▶ **Data shown**
__________

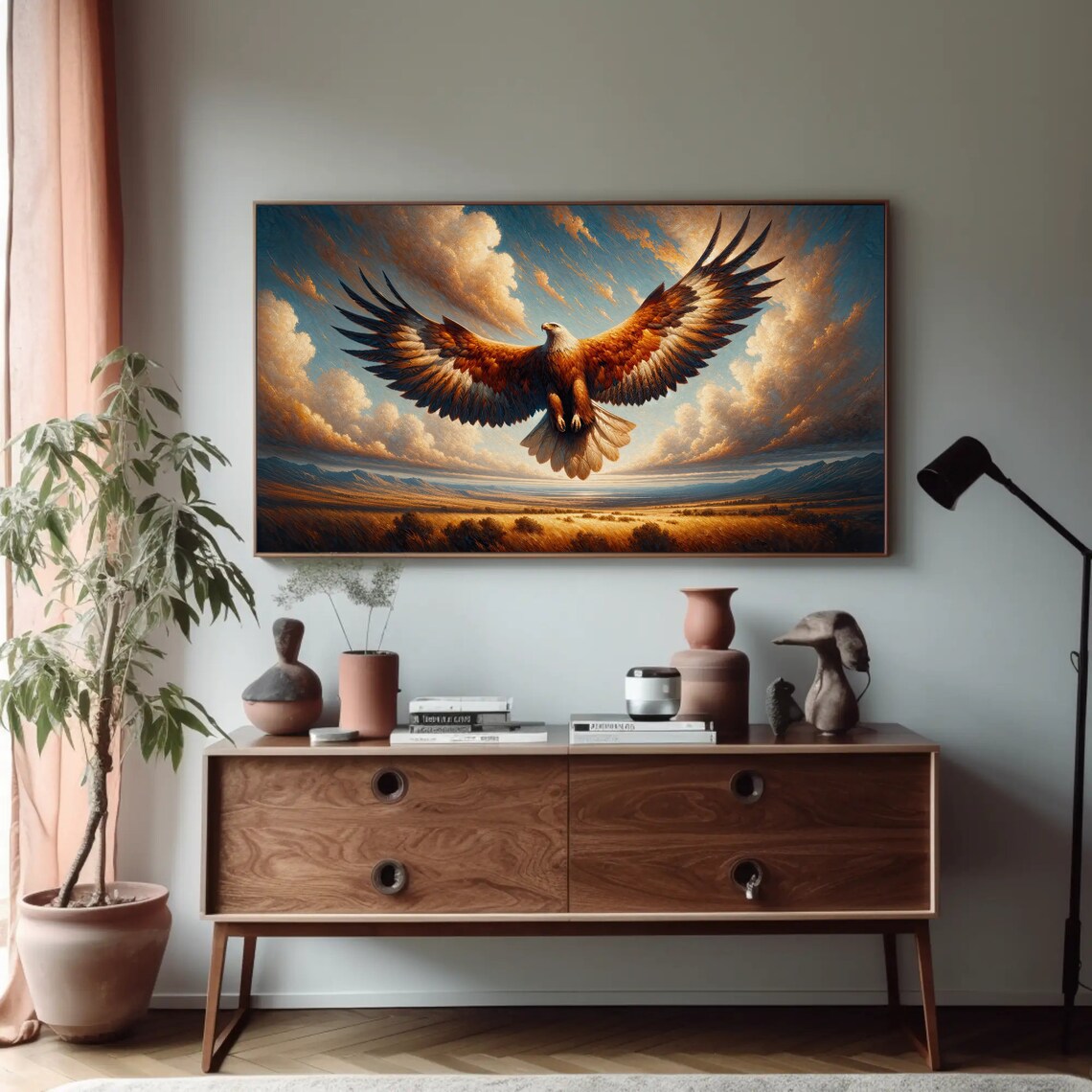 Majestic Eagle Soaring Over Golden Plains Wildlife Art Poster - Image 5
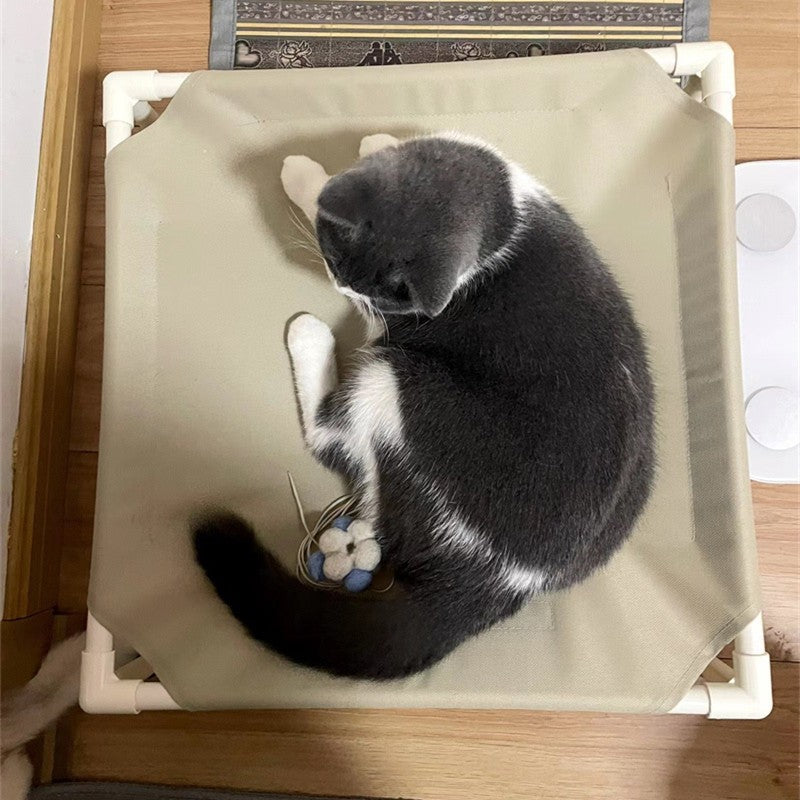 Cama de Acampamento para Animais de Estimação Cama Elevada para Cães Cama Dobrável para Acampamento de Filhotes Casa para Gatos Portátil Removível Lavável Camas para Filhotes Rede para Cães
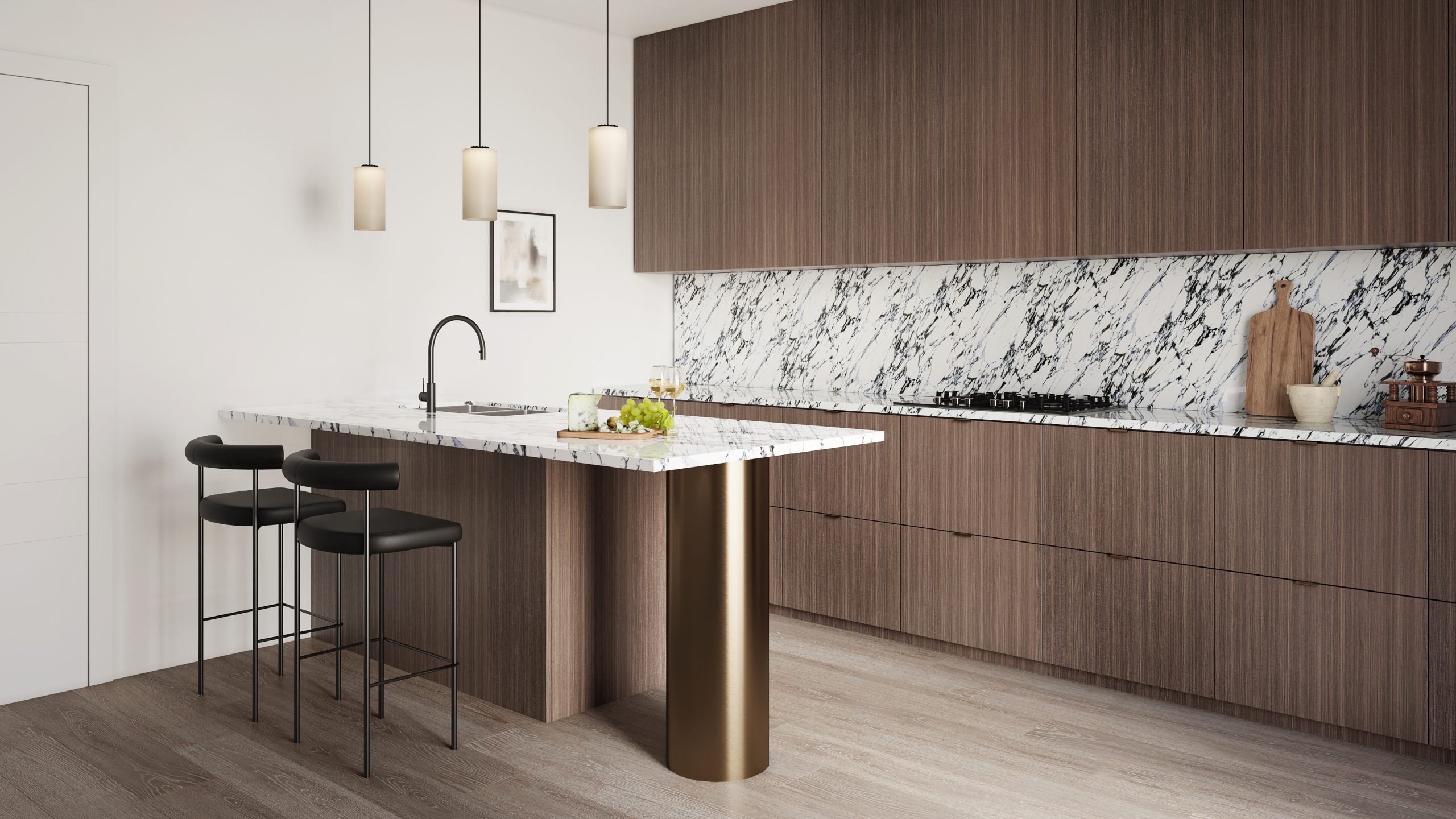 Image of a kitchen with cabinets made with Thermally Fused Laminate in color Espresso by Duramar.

__________

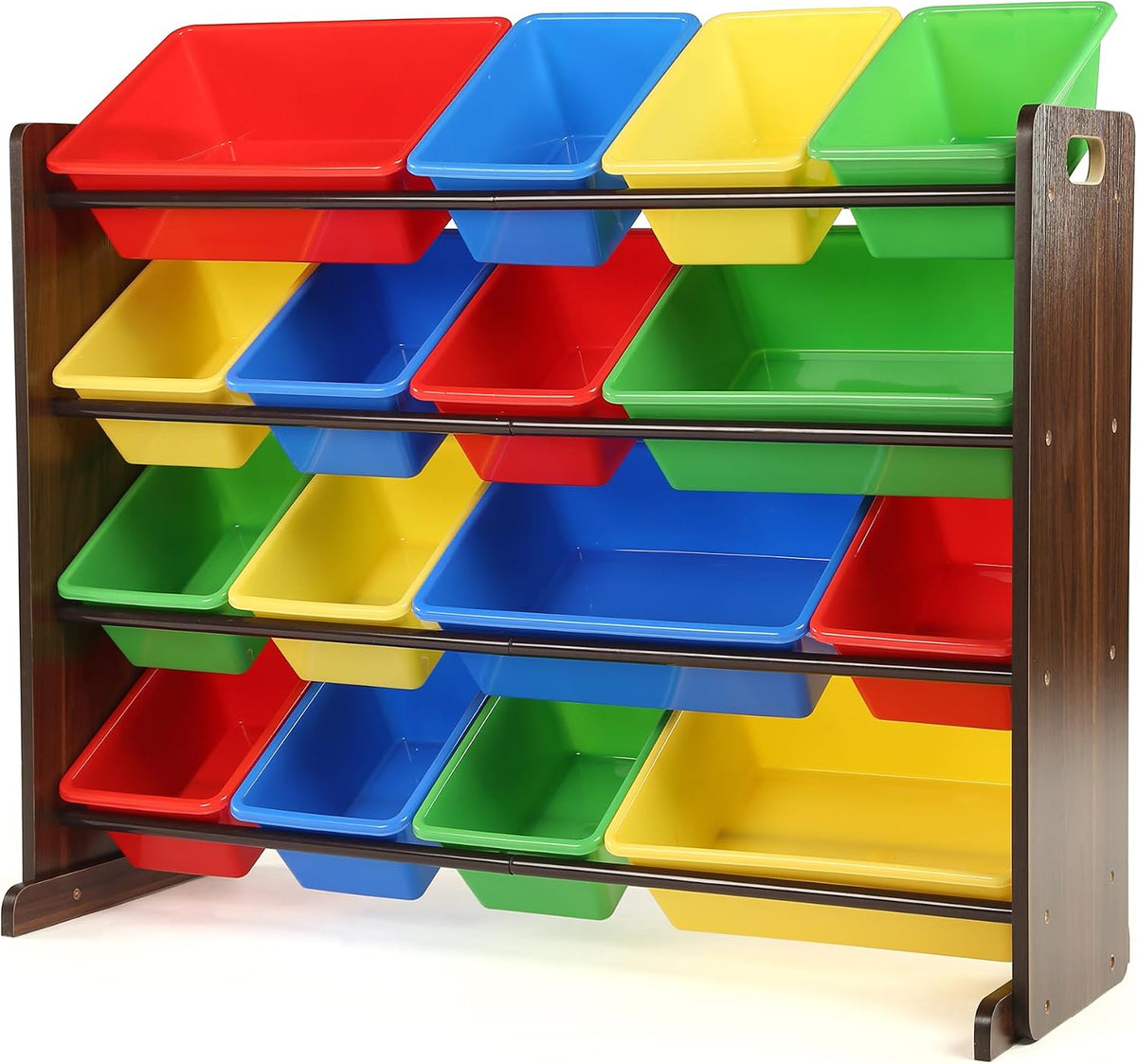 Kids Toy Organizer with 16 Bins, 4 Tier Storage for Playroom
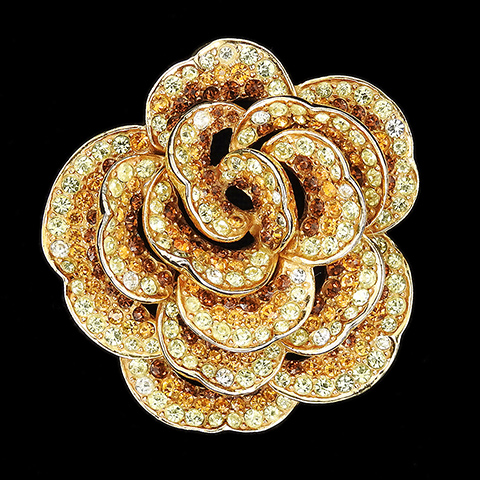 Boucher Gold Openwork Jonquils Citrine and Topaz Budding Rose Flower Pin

__________

Could you repeat, exactly, only the lines above starting at the one that has "Cama de Acampamento" and stopping after the one that has "Image of a kitchen", without the pictures?

▶ **Result for this task**
 Cama de Acampamento para Animais de Estimação Cama Elevada para Cães Cama Dobrável para Acampamento de Filhotes Casa para Gatos Portátil Removível Lavável Camas para Filhotes Rede para Cães
 Image of a kitchen with cabinets made with Thermally Fused Laminate in color Espresso by Duramar.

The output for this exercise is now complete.